At the same time, multiple executives speaking on background have told Adweek that blind hiring can shrink an organization’s diversity totals by focusing more on the very factors the study downplays—where you went to school, where you interned, who mentored you, etc.
Ketchum itself addressed this challenge last year by creating a “gamified” internship opportunity called Launch Pad, a program that seeks to counteract unconscious bias by anonymizing submissions and allowing recruiters to pick candidates based on their “ability to solve fictional client challenges.”
Strauss said Launch Pad increased the ethnic diversity of Ketchum’s internship class by 17 percent over the previous year and that 25 percent of all successful applicants had no prior experience in communications or marketing.
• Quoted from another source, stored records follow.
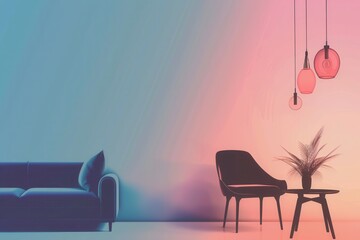 Silhouettes of contemporary furniture, featuring an armchair, table, and lamp, create a tranquil atmosphere on a gradient backdrop. Generative AI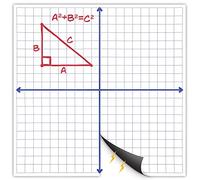Houseables Magnetic Grid Whiteboard, Dry Erase Graph Board, Laminated Coordinate Whiteboards, 26"x26", White, XY Axis Graphing Lines, Magnet Boards with Gridlines for Math, School, Algebra, Geometry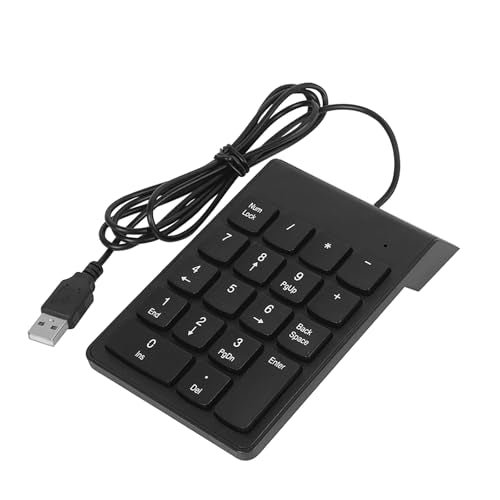 cimetech Wired Number Keypad, 18 Key USB Numeric Pad Keyboard for Laptop PC Computer Desktop Surface Pro Notebook - color: Wired-Black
Yet, Ketchum and companies like it still rely on standard executive searches to hire C-level talent. And diversity gaps related to race, gender, education and experience persist across creative industries despite the overwhelming call for change on all fronts.
On that point, Strauss believes the conversation should move away from the word “diversity,” which she said is too closely tied to demographics.
“Most organizations are visually striving to increase gender and ethnic diversity,” she said, “but that alone doesn’t eliminate the self-segregation that happens—or the groupthink.”
She called the entire process “a work in progress” and noted that while Ketchum does not have a specific blueprint, its research has identified some clear steps that need to be taken.
The most important idea to keep in mind?
“Seek out people who challenge your views,” Strauss said. Of course, as the study revealed, this is far more easily said than done.